Canyon echoes and river travel – SUP’ing in a Spanish nature reserve

SUP'ing down the river gorge in Congost de Montrebei national park

Canyon echoes and river travel – SUP’ing in a Spanish nature reserve

Adventure begins when things go wrong.

Scrambling down the steep slope, our heavy packs force us to choose our footing with care. At the bottom, river mud is baked and cracked on the surface, but fragile and insubstantial. Our first steps break through, sinking to our knees occasionally.

Leaving some essential snacks with the river team who will be making their way down the river on Stand Up Paddleboards, I shoulder my pack, departing on foot to hike to our planned rendezvous later. Ahead of us lies the stunning Congost de Montrebei national park. As I hike uphill, I can hear the whistling of air being pumped into paddle boards.

I’m barely at the edge to the canyon before I hear shouts of joy from high above. A hundred meters away on the Aragonese side of the canyon, ribbons of green and orange flicker in the sunlight. The climbers, hidden in the various folds and curves of the wall. Soon, many of the climbing areas will be clear of human voices, instead a refuge for a host of nesting vultures and eagles.

Climbers as well as SUP’ers take advantage of this stunning gorge. Photo © Adri Martinez

Deeper into the canyon, the cliff face curves over my head, as the path narrows. Wire cables anchored to the wall, providing reassurance and a lifeline for those who fear the void mere metres away.Far below the water turns into glorious shades of Prussian Blue as the sunlight finally clears the ridgeline. Snippets of Catalan words echo up the walls from the river. Voices blending together, becoming muddled, their original meaning lost.

Far below me, moving at deceptive speed, the SUP team dip their paddles in rhythm. The trail widens, and bends towards the forest again, I turn to stare in awe at the beauty of the landscape. This rough hewn hiking track, constructed by hand pales in comparison to the majesty of the canyon. Its walls carved into wondrous shapes, all smooth lines and curves, banded with colour. The bands displaying geological forces and timelines beyond most of our comprehension.

Unfortunately this beautiful landscape, like so many others are in danger. All around are the signs of massive drought, none more stark than the water level. Where normally, the river rises almost to the forest edge, now it’s almost 20 metres lower.

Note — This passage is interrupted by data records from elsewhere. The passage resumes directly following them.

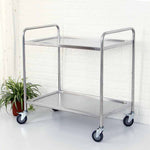 SOGA 2X 2 Tier 81x46x85cm Stainless Steel Kitchen Dining Food Cart Trolley Utility Round Small FOODCART1105X2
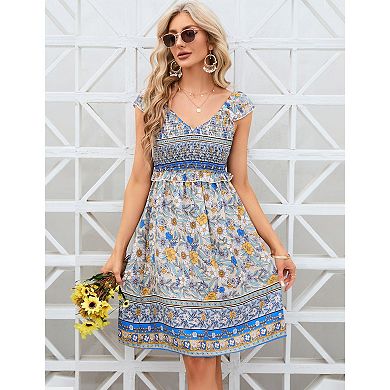 Women's Large Short Sleeve V Neck Floral Printed Ruffle A-line Midi Dress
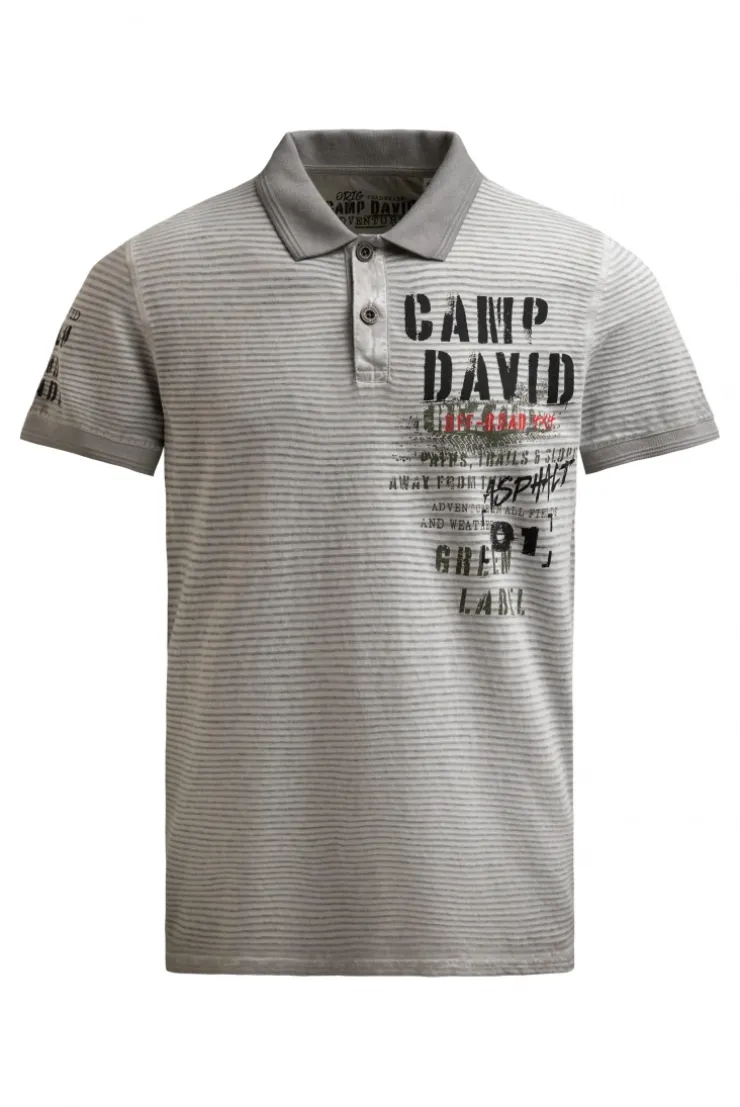 Polo mit Streifenstruktur und Label Prints shadow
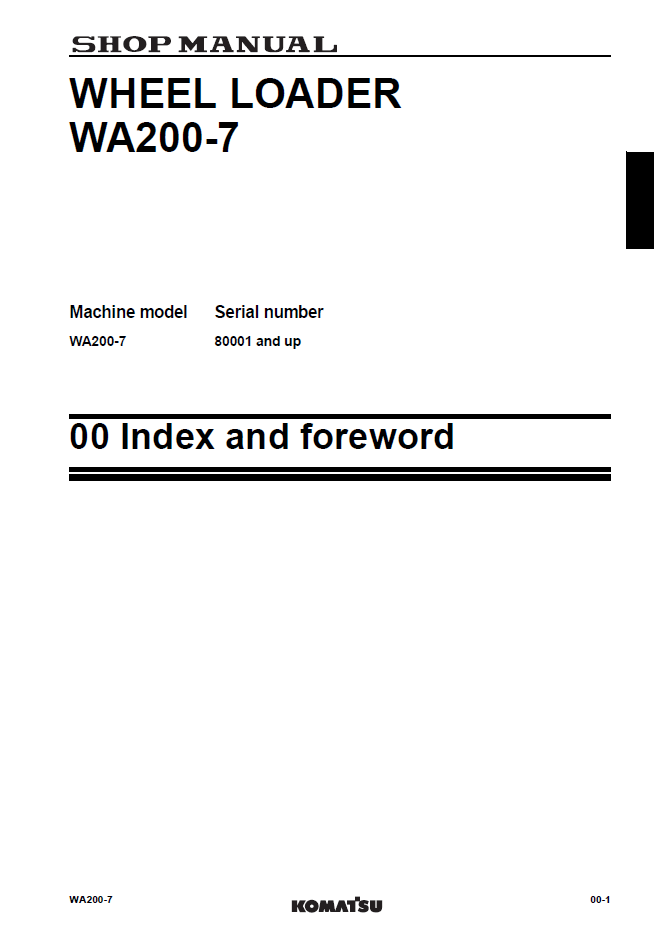 Komatsu WA200-7 Wheel Loader Service Manual SEN06503-05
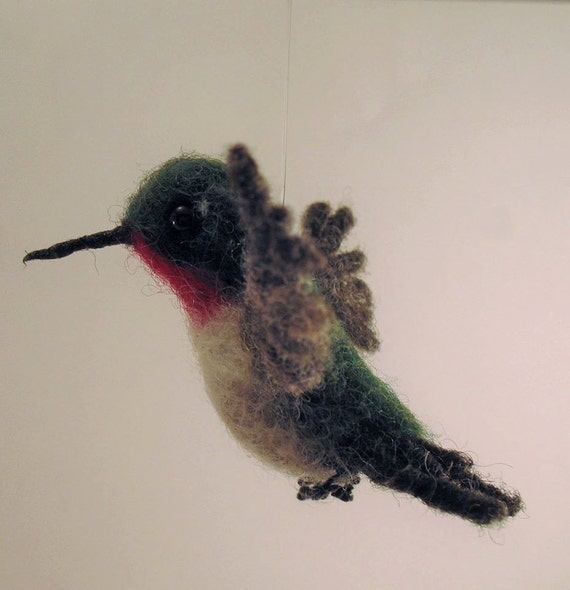 Items similar to Needle Felted Hummingbird, Ruby Throated Hummingbird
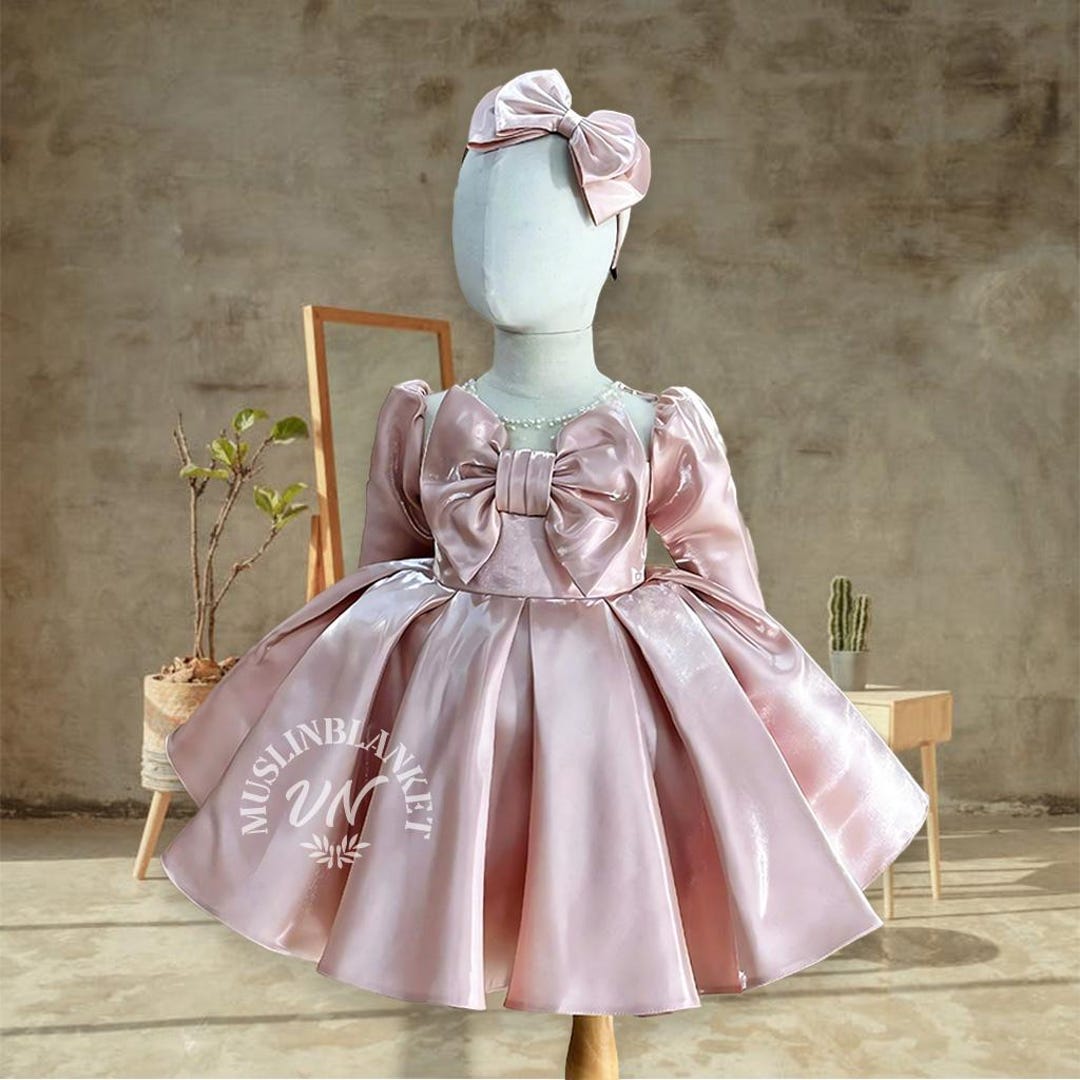 Pink Big Bow Dress Pearl Neck Long Sleeves Pink Valentines Organza Baby pink-big-bow-dress-pearl-neck-long-sleeves-pink-valentines-organza-baby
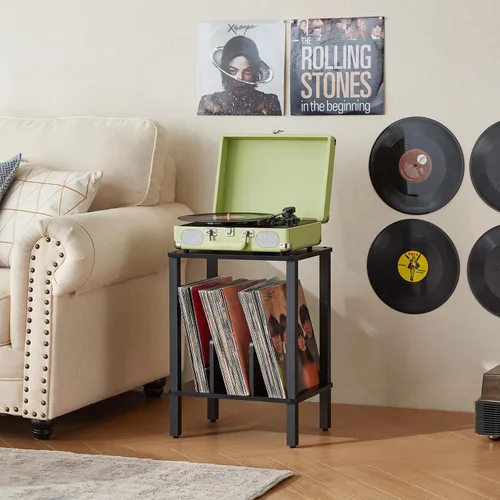 Miniatura 5 de LELELINKY Soporte para tocadiscos de 2 niveles con almacenamiento de discos de vinilo hasta 100 álbumes, soporte para discos de dormitorio y mesa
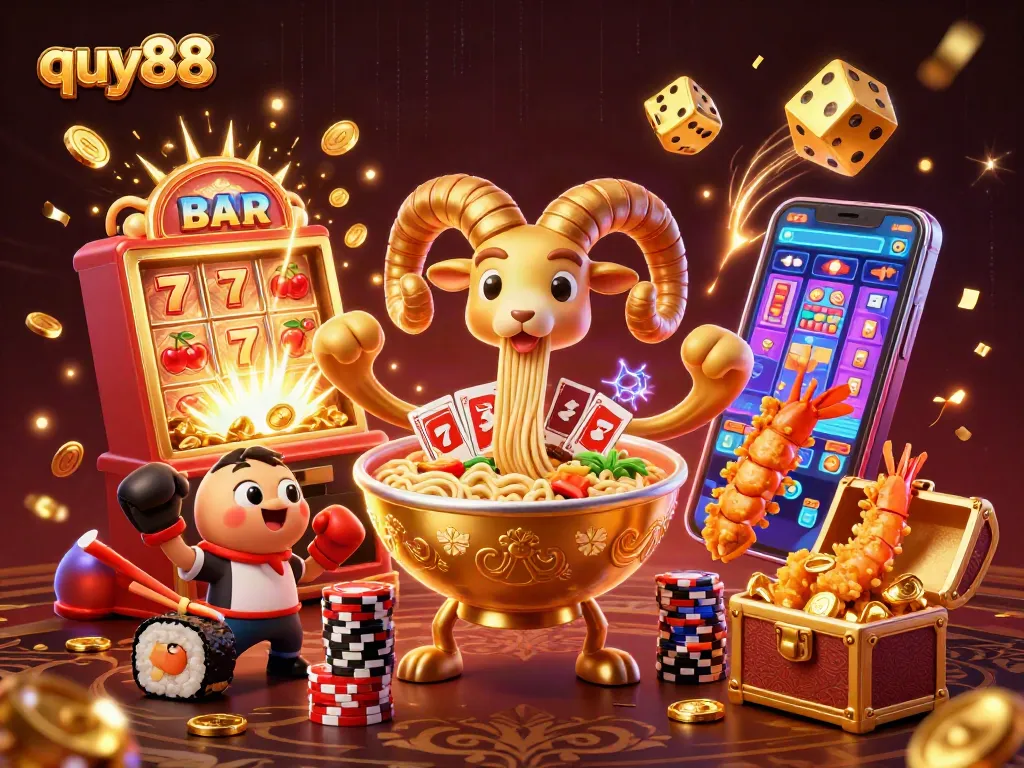 Join the action at quy88 with a vibrant, dynamic casino celebration featuring a golden ramen bowl and more!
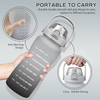 Custom BPA Free 2l Half Gallon Fitness Gym Sports Clear Plastic Motivational Water Bottle with Time Marker and Straw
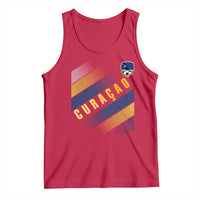 Curaçao Soccer Flag Stripe Jersey Style Tank Top Football Fans Pride Support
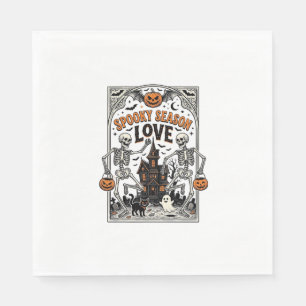 Vintage Halloween Skeleton Spooky Season Love Shir Napkin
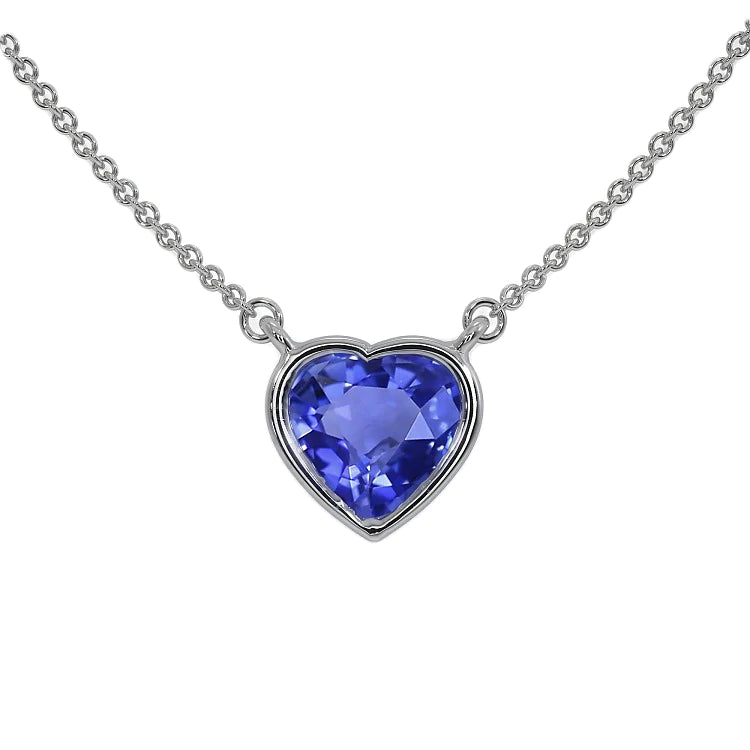 Collana a forma di orecchio di cane con castone con pendente solitario a forma di cuore 2 carati - harrychadent.it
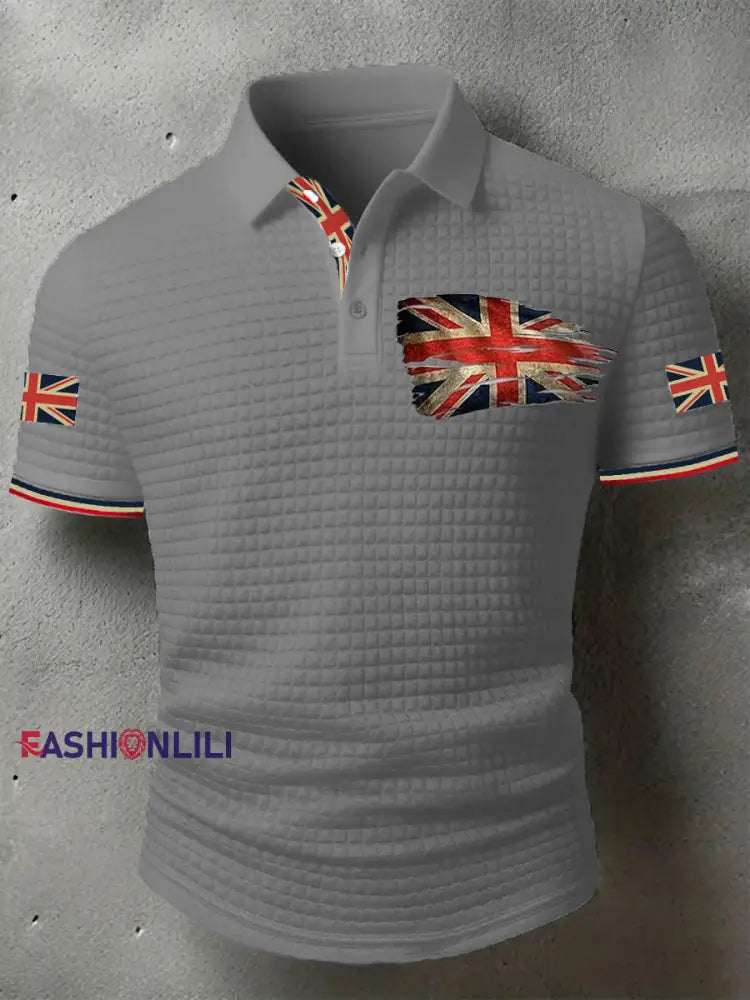 Men’s UK Flag Print Casual Short-Sleeve Waffle Top Gray / S
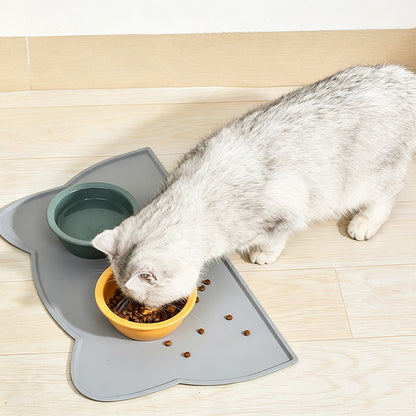 Silicone Pet Feeding Mat with Raised Spill Edge - Grey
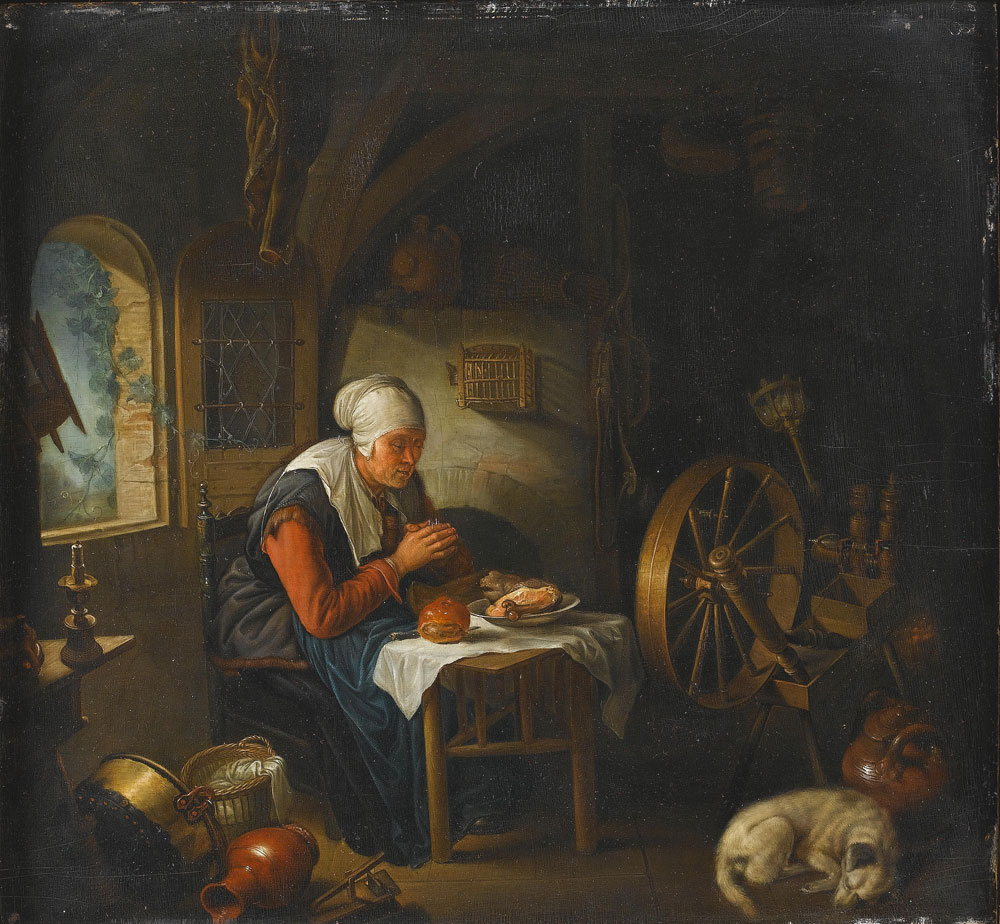 After Gerrit Dou - An interior with a spinning woman at prayer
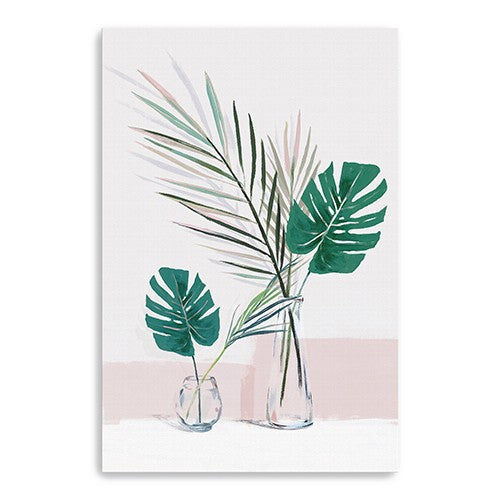 Pretty Green Foliage Leaves Pink Unframed Print Wall Art-0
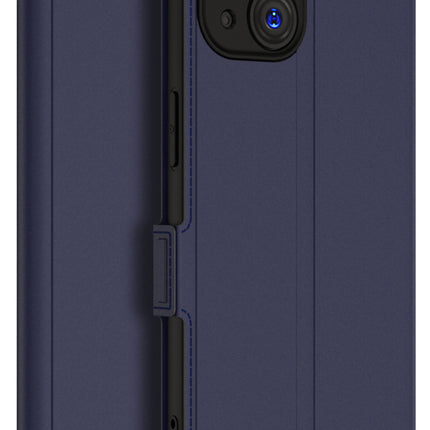 Kapa Noble Slim Magnetic Leather Flip Case Cover for Apple iPhone 15 PLUS | Card Holder Stand Leather Flip Wallet Case (Blue)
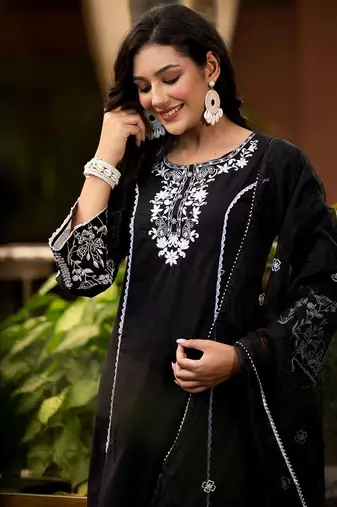 Ethnic Motif Thread Embroidered A-Line Kurta With Afghani Trouser & Dupatta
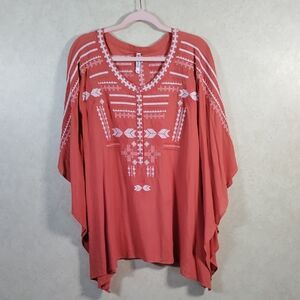 04558 FINAL PRICE Monoreno rust linen blend blouse w/peach & white embroidery M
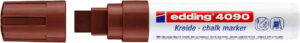 Edding 4090 Rotulador de Tiza Liquida - Punta Biselada - Trazo entre 4 y 15mm - Olor Neutro - Color Marron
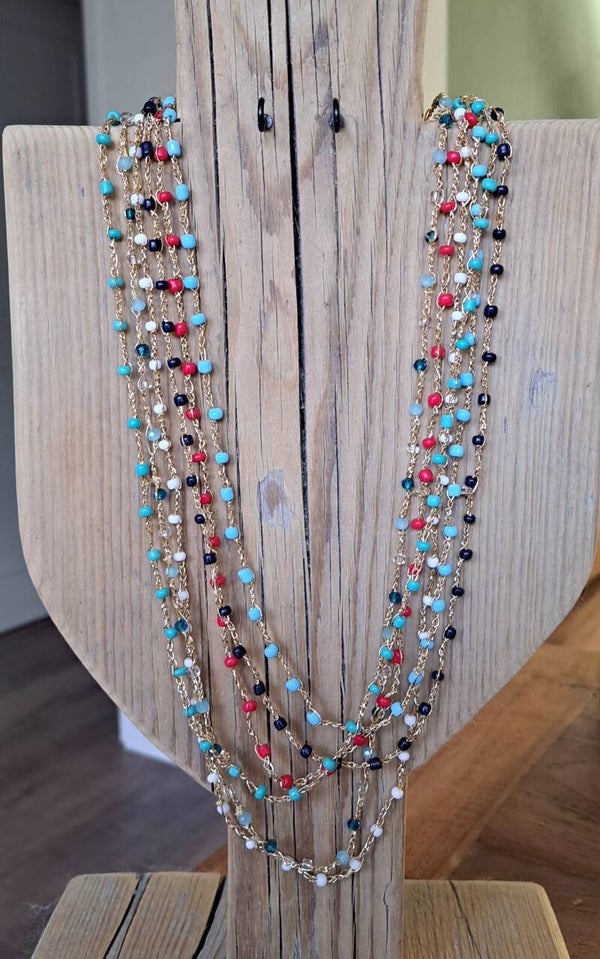 Ketting gehaakt rocailles 70 cm. Diverse kleuren.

For those who still think climate change doesn’t exist or have an impact on our landscapes and livelihoods, just go to the areas most affected by the changes. Here, in this gorge the river levels are down. On the other side of the planet, whole islands are about to be consumed by a sea that has risen less than a metre. Now imagine what a 20 metre sea level rise would mean for billions of people.

With the river far below its normal level, I descend on a fixed rope to a floating pontoon, anchored in a cove. Gingerly I place my backpack on the Tandem SUP, our food for the journey carefully cached inside. As Chuan paddles us out into the slow current, we hear a splash behind. A sleek dark shape flows underneath, chasing carp in the depths.

We find a giant wave of stone, formed into a small cave around the next corner. The perfect place for our lunchtime refuel. Firing up the stove, and unpacking insulated containers, we soon have our simple tapas of Trinxat (click here for the recipe).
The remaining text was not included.